The opening night of Apollo and Carmina Burana at Pacific Northwest Ballet was an evening of contrasts (at McCaw Hall through April 22; tickets). Stripped-down classicism against big and bawdy. Slow and stylized against frenetic. In both cases, it was PNB playing to its strengths.
Apollo is my favorite ballet, and PNB Artistic Director Peter Boal’s staging of the Balanchine masterpiece was spot-on. It helps that Boal is known for owning the role while a dancer at New York City Ballet. Boal estimates that he has performed the role well over 100 times over 20 years, and that experience shows in the depth of his staging. He even danced it in Brazil with a 14-year-old ballet student (and now PNB Principal) named Carla Körbes dancing Terpsichore.
The piece is set to Igor Stravinsky’s Apollon Musagète, which begins with an almost movie-western feel. The curtain opens to the young god posed with his lyre and a small stool on stage. Principal Batkhurel Bold danced the lead role in this performance. As Apollo, Bold hits all the technical notes with a restrained strength. What was missing for me was a sense that this was a young god aware of his power. Though he danced the role beautifully, Bold lacked the cockiness of other Apollos I have seen (including Boal)–it was almost like you could see him thinking about his next move.

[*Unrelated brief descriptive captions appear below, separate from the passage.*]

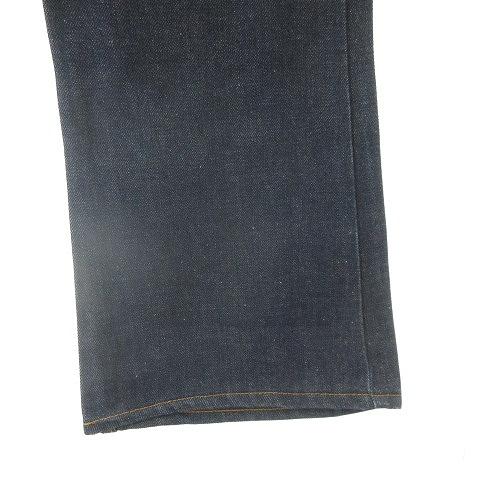 Levi's 未使用品 リーバイス 646 フラッシャー付 デッドストック Levi's 未使用品 リーバイス 646 フラッシャー付 デッドストック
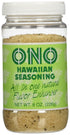 Ono Hawaiian Seasoning, 8 Ounce, From Hawaii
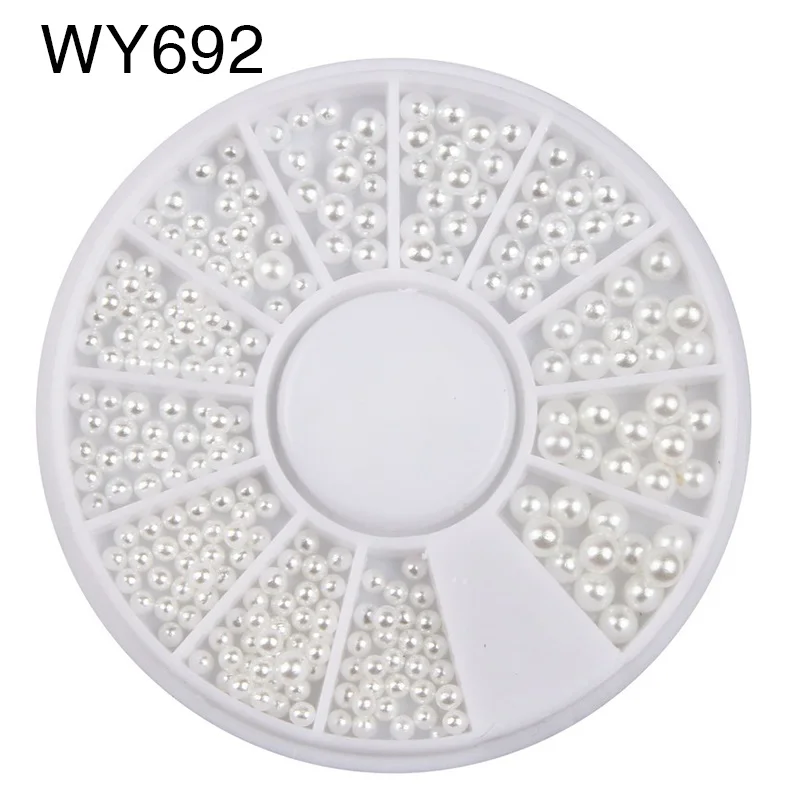 WY692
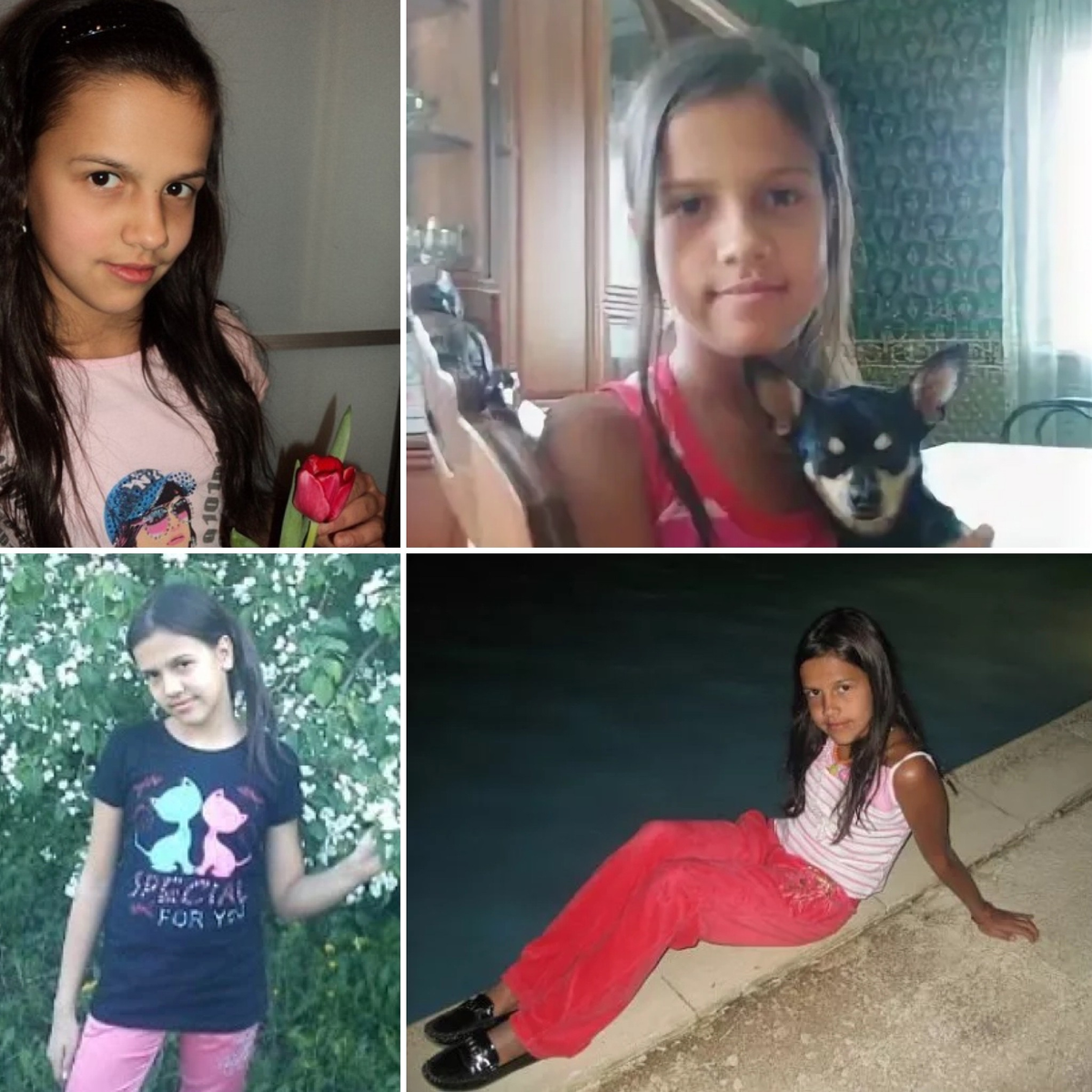 На фото: Ильнара Ягудина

Apollo’s three muses, Terpsichore (Sarah Ricard Orza), Calliope (Maria Chapman), and Polyhymnia (Lesley Rausch), enter with high kicks, melting into a bow before their master who created them. Their dancing together is a beautiful blend of symmetry and asymmetry, with moments of tangled controlled chaos as they move across the stage with arms entwined and moments of angular clarity.
All three muses are wonderful, but the real standout is Orza. Ballet is, of course, about the feet, but it’s also about the arms and hands. The grace and detail that Orza creates with her arms and hands is remarkable. They are lyricism defined. Even small movements add to the moment, such as when her fingers close subtly along with the decay of the last note in a phrase. It’s the level of musicality that I wish was matched by her Apollo. When that happens, it’s magic.
The final pose in the piece is one of the most sculptural. Apollo stands with one leg at a 45-degree angle behind him, with his left arm stretched out to continue the line, right arm pushed forward, while his muses lean against him, Terpsichore at front and the others behind her, their legs fanning out behind him. Always breathtaking.
Where Apollo is restrained asceticism, Carmina Burana, by contrast, is on the other end of the spectrum. As the curtain opens, audience members gasped at the sight of the Seattle Choral Company suspended upstage above the stage, as set designer Ming Cho Lee’s ginormous “wheel of fortune” looms above the rest of the stage. Contrasts abound in this production, with unitard-clad, naked-looking dancers playing against peasant-looking people in skirts and puffy shirts. It is innocence versus knowledge. Piety versus carnality. Fortunately for us, carnality wins!
In the Primo Vere movement, Kaori Nakamura and
Jonathan Porretta [UPDATE: last minute casting change: it was James Moore], dressed in peasant clothes, are young love. Nakamura is not only able to express this through dance, but her face just radiates that first blush of love that will never come again. Their piece is contrasted by Lesley Rausch and Lucien Postlewaite, in flesh-colored unitards, balancing this innocence in the Cour D’Amour movement. Theirs is a familiar, mature love. It’s a depth of love that comes with knowledge and time. Together, they were glorious, languid and touching.
The vocal soloists were outstanding. Tenor Marcus Shelton nailed the brutally high demands of his role, and soprano Christina Siemens was good as well. Baritone Michael Anthony McGee was the stand-out here. His performance had more dynamics, more emotion, than you typically hear in Carmina performances.
With the entire company, plus advanced students, plus choir and soloists on stage, Carmina Burana was thrilling. In terms of sheer beauty though, I’m sticking with the god and his muses–and Balanchine’s genius.